Because of all they can offer, smartphones and tablets are essential to the daily operations of many professions. However, as their usage increases, it will become even more important to ensure adequate security—from both new and existing threats.
Gone are the days when the most sensitive information on an employee’s phone was contact names and numbers. Now a smartphone could grant access to any number of applications, emails and stored passwords.
Depending on how your organization uses such devices, they require the same security considerations as any traditional computer system. Conduct a formal risk assessment to see where the biggest risks are, and keep in mind the following security threats:
- Access to lost or stolen devices—To prevent someone from accessing a lost or stolen device, it should be locked with a password. The password should be time sensitive, automatically locking the phone out after a short period of inactivity. Most devices come with such security features built in, which is something to consider before purchasing.

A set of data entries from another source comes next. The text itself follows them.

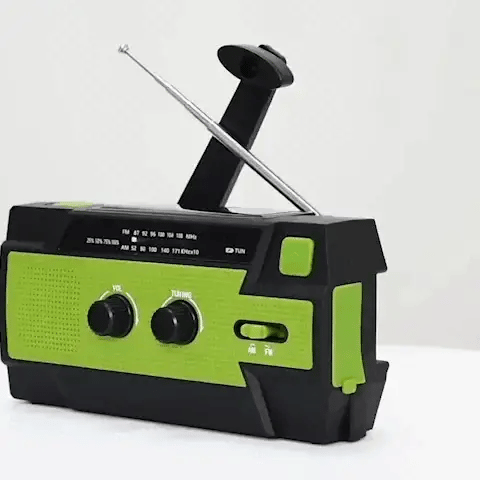 Avtoit | All-In-One Emergency Radio | 4000mAh Battery, Solar & Hand Crank Charging for Outdoor Adventures and Emergency Preparedness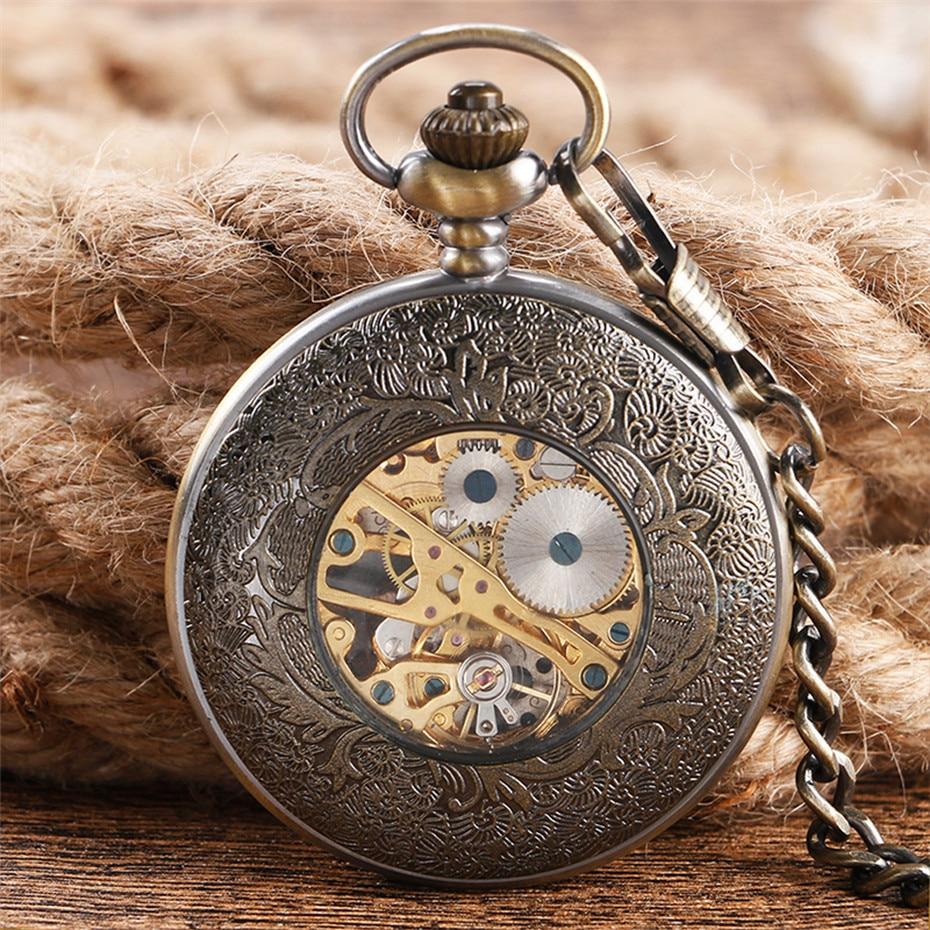 Montre à gousset mouvement mécanique à remontage manuel capot fleur géométrique Ma montre à gousset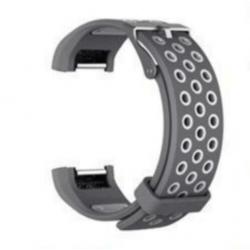 siliconen bandje voor Fitbit Charge 2 Grijs en wit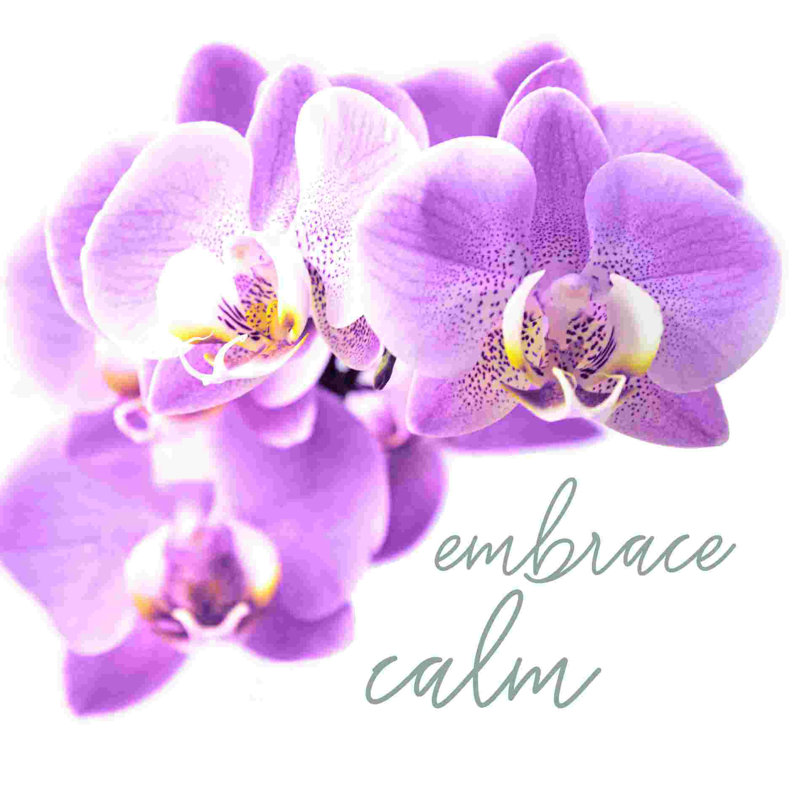 " Calm Orchids ", 20" H x 20" W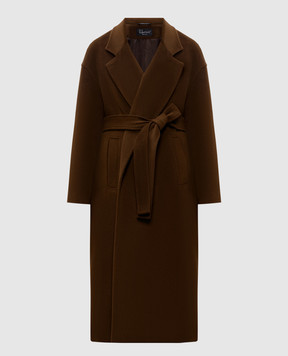 Heresis Brown wool coat with a smell G70120D150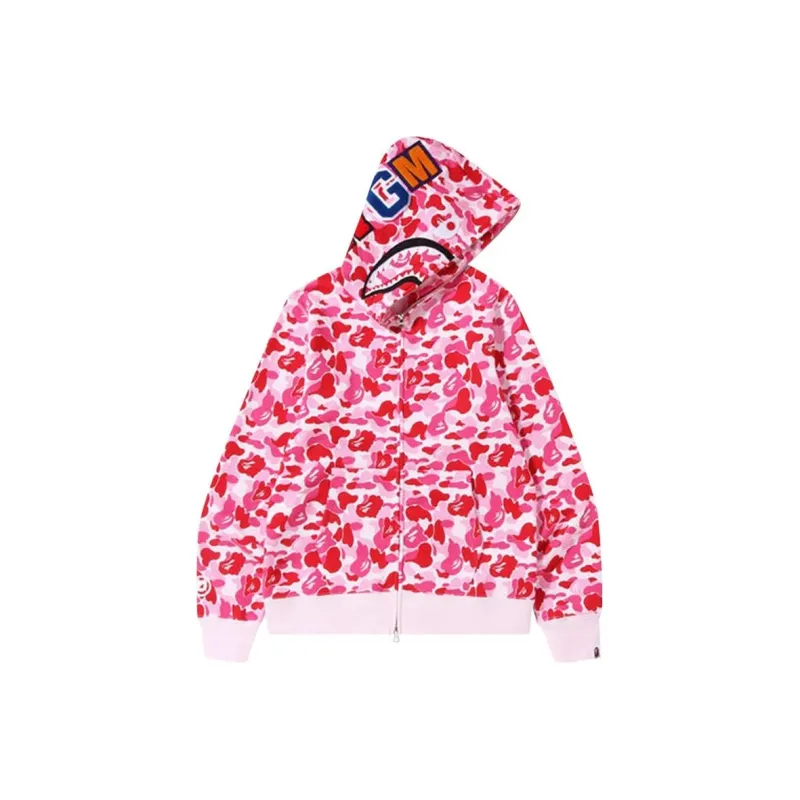 Bape Big Abc Camo Shark Full Zip Hoodie-2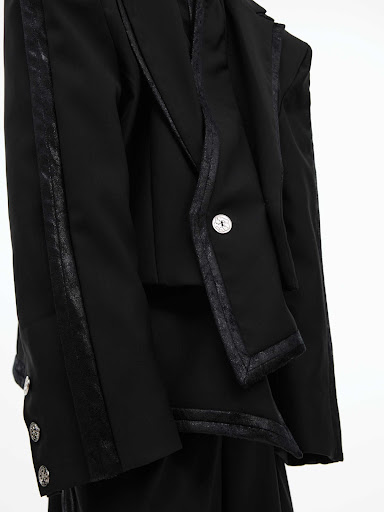 Title 5, Irregular Fake Two-piece Suit Jacket, designed ...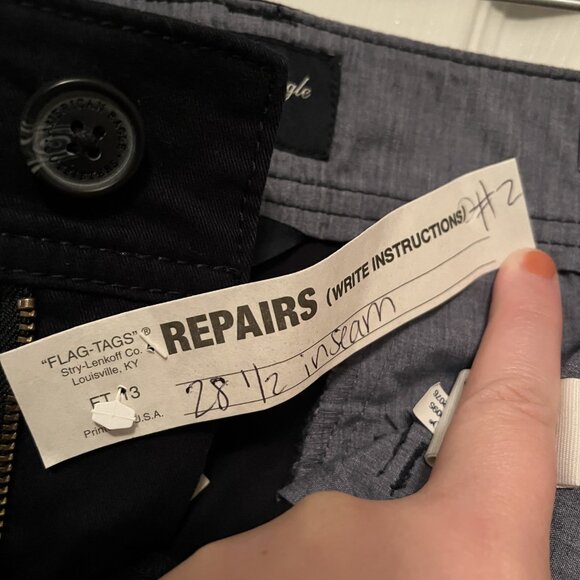 NWT American Eagle Pants Womens 10 Short Kick Boot Navy Chino Pockets Stretch - Picture 7 of 7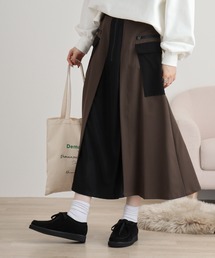 A.N.L（エーエヌエル　レーベル）の「A.N.L バイカラーメッシュスカート（スカート）」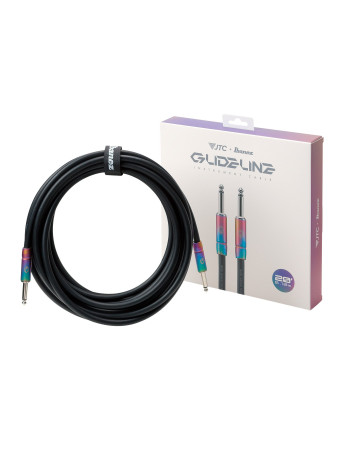 Ibanez GL20 GLIDELINE Series Instrument Cable 6,10 m 2 Straight Plugs, Black
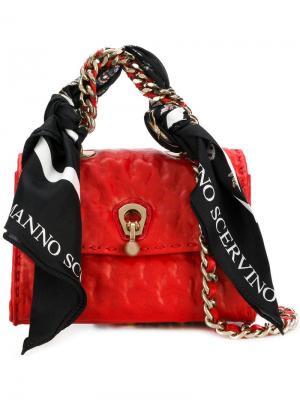 Mini scarf embellished bag Ermanno Scervino. Цвет: красный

Depending on the cellphone provider, there are also services that can remotely lockdown or erase a device.
- Malicious threats—Mobile devices have the potential to be just as susceptible to malware and viruses as computers. Third-party applications are especially threatening, as they make it easy for malware to install itself onto a device. Employees should never install unauthorized applications on company devices.
Before issuing smartphones to your employees, establish a device usage policy. Outline what does and does not constitute acceptable use and what actions will be taken if employees violate the policy. It is important that employees understand the security risk inherent to smartphone use and their role in its mitigation.